If you had just arrived from Mars and looked at old issues of the Vancouver Province and the Vancouver Sun going back a decade you would never, for a moment, know that there have been any environmental issues in BC let alone the disastrous Rivers and Fish Farms catastrophe. In fact you would assume that Premier Gordon (Pinocchio) Campbell is a very popular politician. No doubt you would shake your head when you read the results of published polls and see the depths to which Mr. Campbell’s popularity has fallen.

You would see the odd article in the Sun by Scott Simpson on these two issues but they’re like letters servicemen send from war zones – enough to show concern but nothing specific about what’s really going on.

Mike Smyth in the July 25th edition of The Province goes much further in criticism of the Campbell government than at any time over the past decade. He talks of the cover-up of the BC Lotteries scandal, the screw-up of the HST, the muzzling of the Child Advocate, the privacy scandal, the Freedom of Information mess and the MLA expenses debacle.

Nothing about the government cover-up of sea lice stats, which should, but won’t, bring down the government!

Here we have an ongoing plan to desecrate our rivers so that BC Hydro can pay double what it’s worth to give BC Energy that it can’t use. From Palmer and Smyth, nothing. Zilch.

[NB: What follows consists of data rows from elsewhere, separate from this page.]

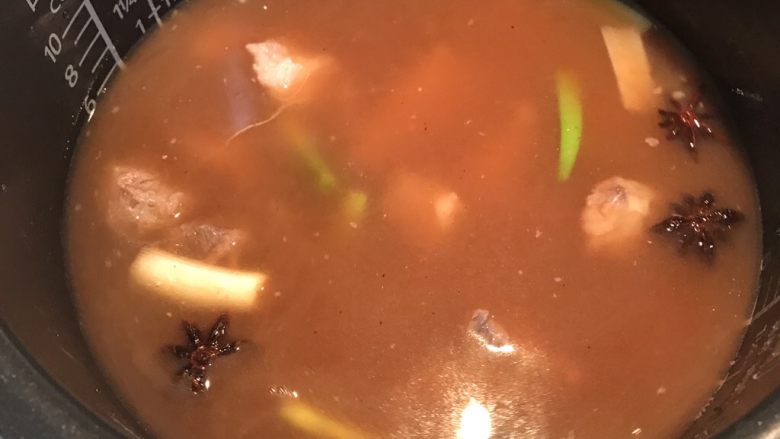 （广东）牛腩粉,在电饭煲注入清水1200ml和<a style='color:red;display:inline-block;' href='/shicai/ 788'>生抽</a>适量，水量最好刚高过肉块约3厘米，炖一个小时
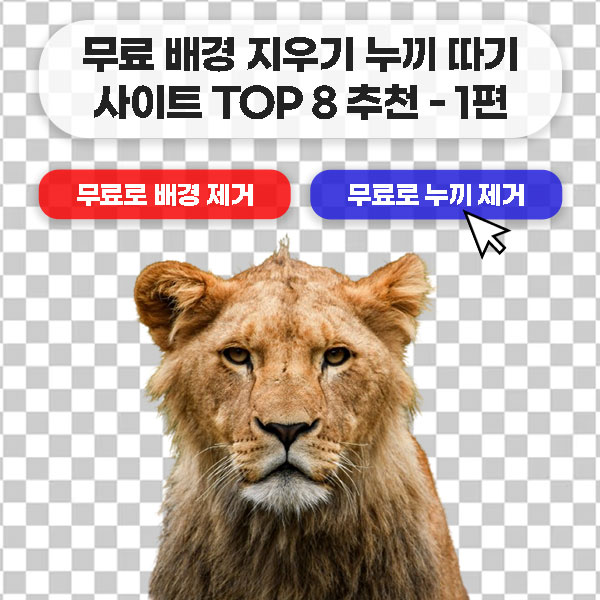 무료 배경 지우기 누끼 따기 사이트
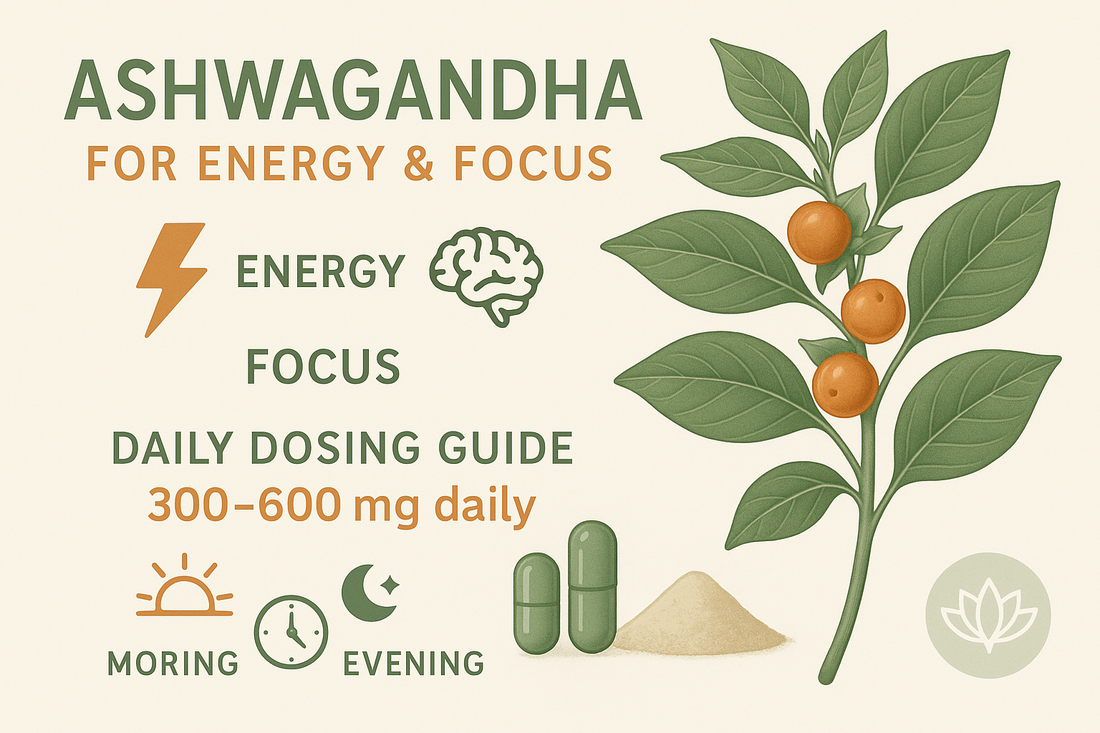 Ashwagandha for Energy and Focus: Daily Dosing Guide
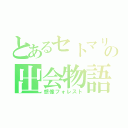 とあるセトマリの出会物語（想像フォレスト）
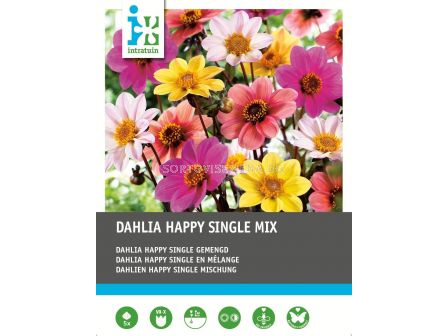 Далия happy single gemengd / 1 оп- 5 корен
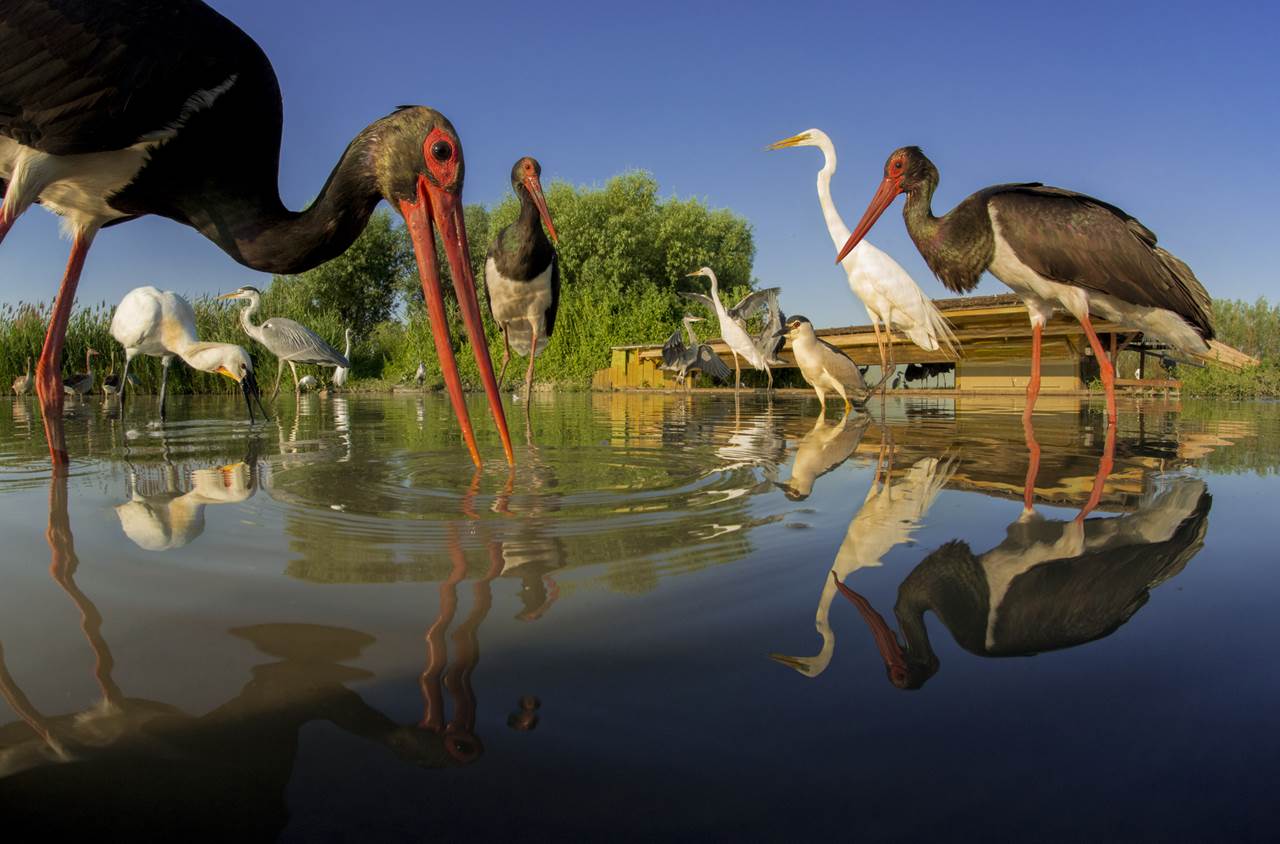 bence mate hides skua nature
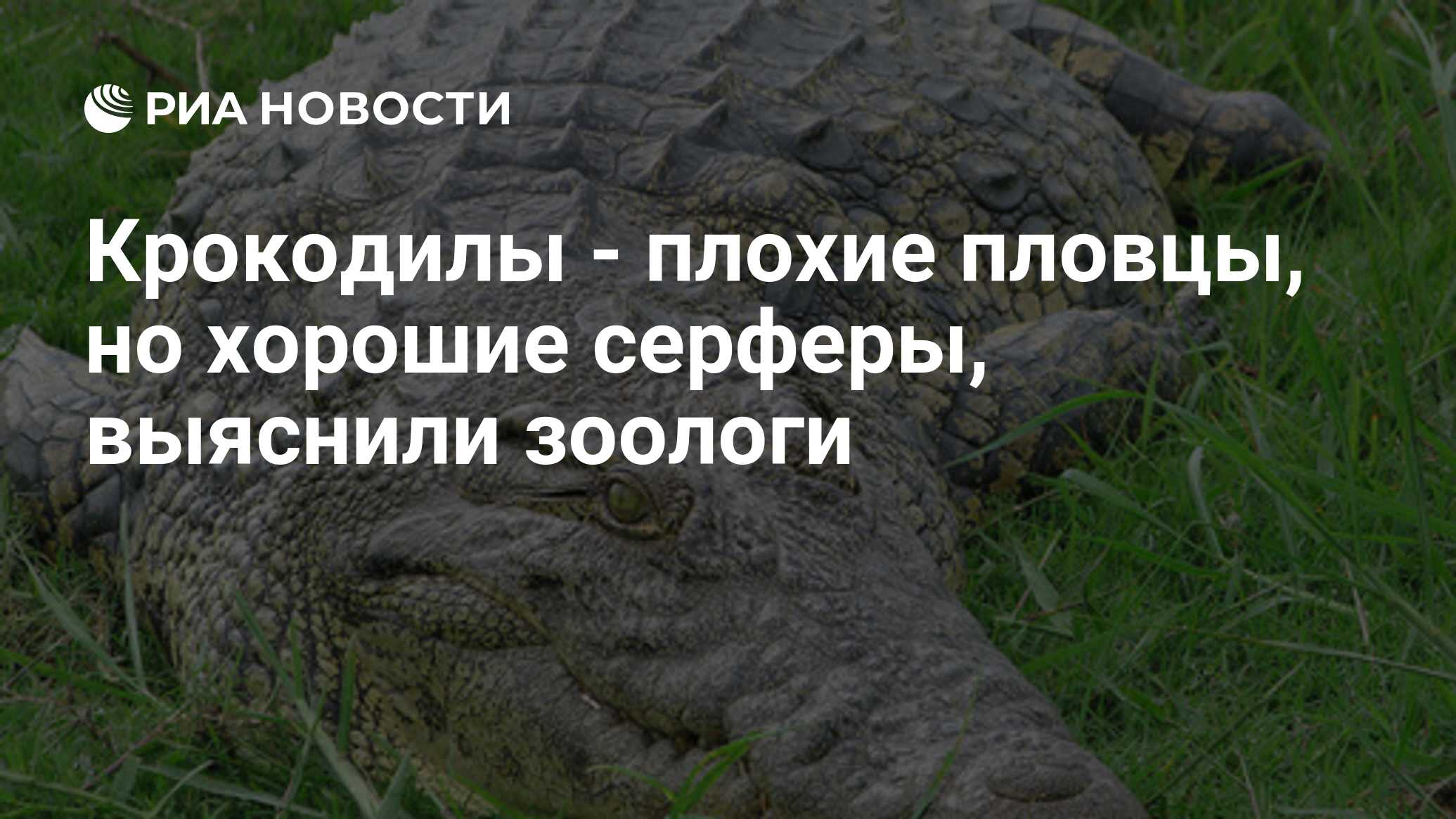 Крокодилы - плохие пловцы, но хорошие серферы, выяснили зоологи - РИА  Новости, 07.06.2010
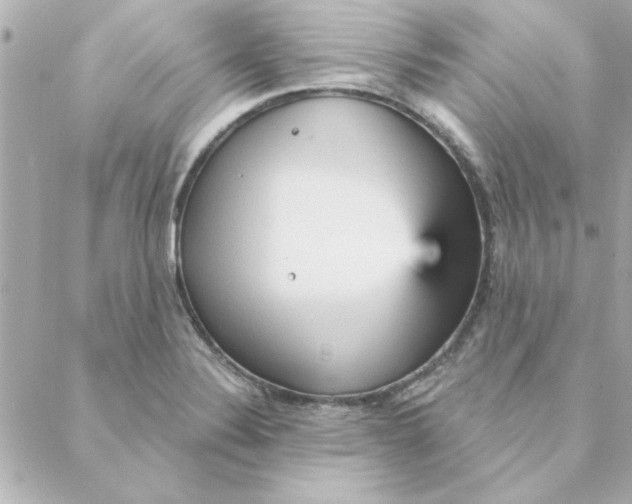 X0000088181324200706051132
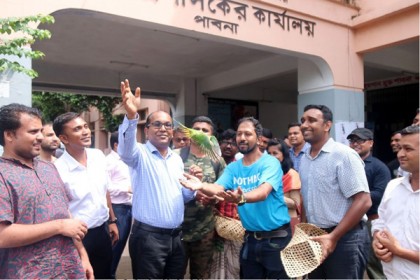 মুক্ত বাতাসে ফিরে গেল সবুজ টিয়া পাখিগুলো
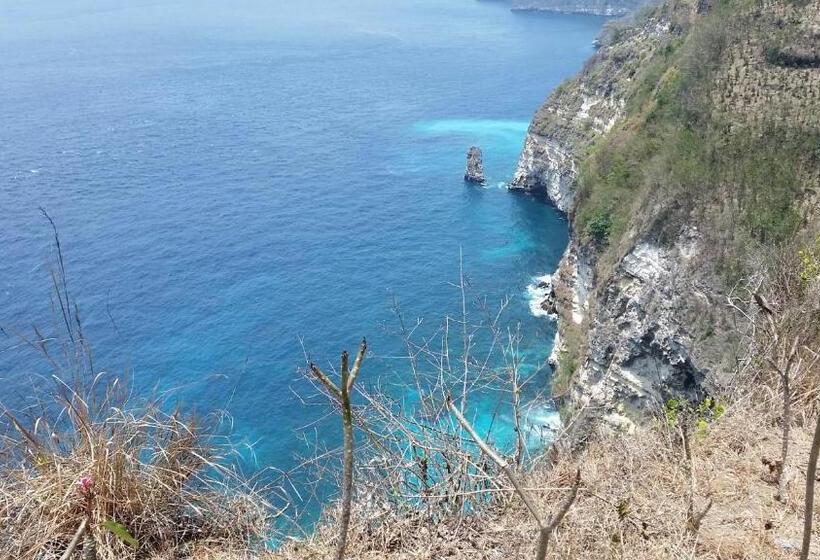 Bed and Breakfast Palm Bamboo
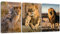 Sungeek 3 Teilig Leinwandbilder mit Holzrahme, Leinwanddruck Bilder 30 x 40 cm, Moderne Wandbilder Kunstdruck Wand Dekoration für Wohnzimmer Schlafzimmer Home Esszimmer Büro (Löwe)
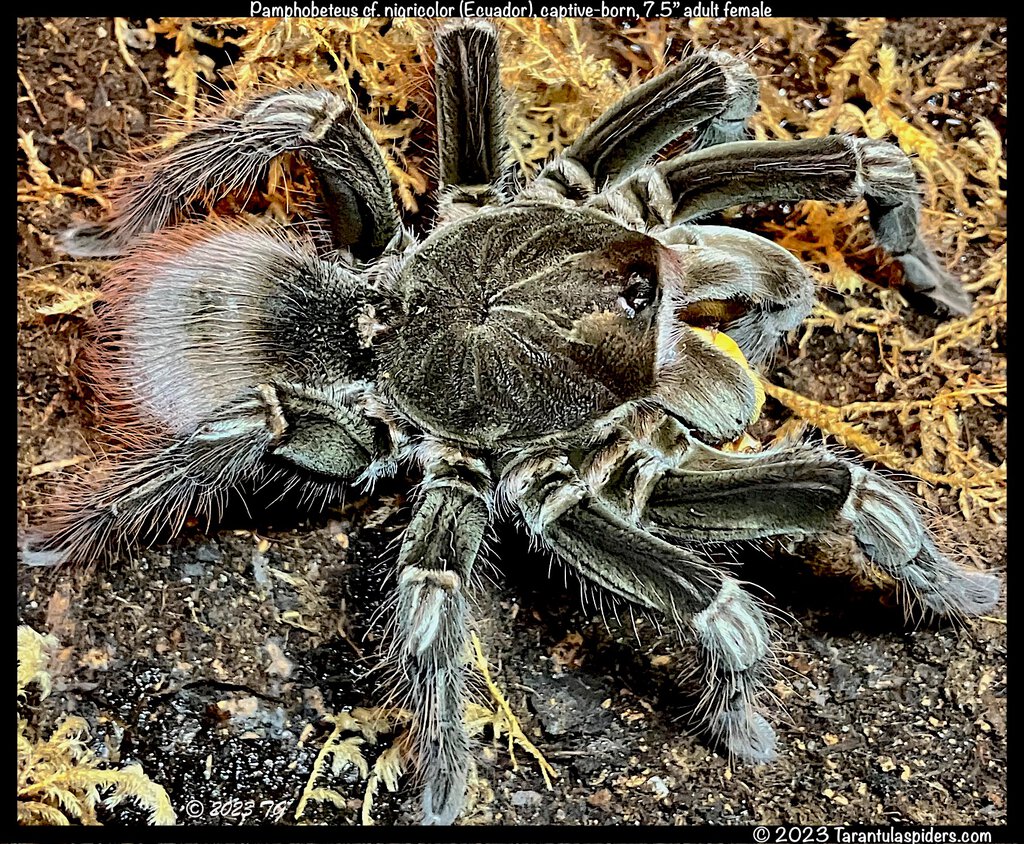 Pamphobeteus_cf_nigricolor_Ecuador(f)7.5in_AD1.jpeg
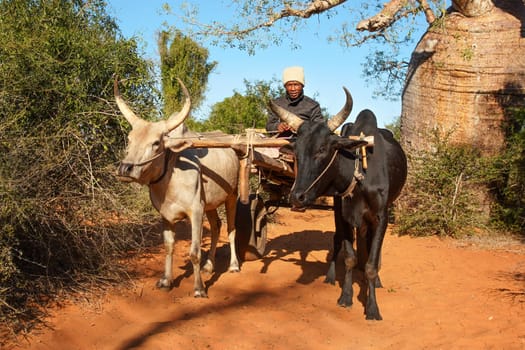 Ifaty, Madagascar - May 01, 2019: Unknown Malagasy man driving simple wooden cart pulled by two zebu cattle on bright sunny day, baobab tree and small bushes in background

Here is an issue that presently has run to $40 BILLION! BC Hydro must pay for energy it doesn’t need, something that dwarfs the Glen Clark fast ferries fiasco without a comment from the intrepid Canwest political writers.

Here we have the fish farm issue, international in scope, with Alexandra Morton probably BC’s most tenacious fighter, on an issue she has taken up with the likes of the King of Norway, and it’s as if she weren’t there!

I sense this may have something to do with the fact that I’ve been on these issues – Smyth is mad at me big time. He has reason to be but that doesn’t excuse him avoiding issues because I’m on them.

Mike might answer that that’s not the reason, which puts me in mind of the lawyer in a southern courtroom (where things are a bit laid back) who, to the obvious displeasure of the judge, smoked a big cigar throughout the trial.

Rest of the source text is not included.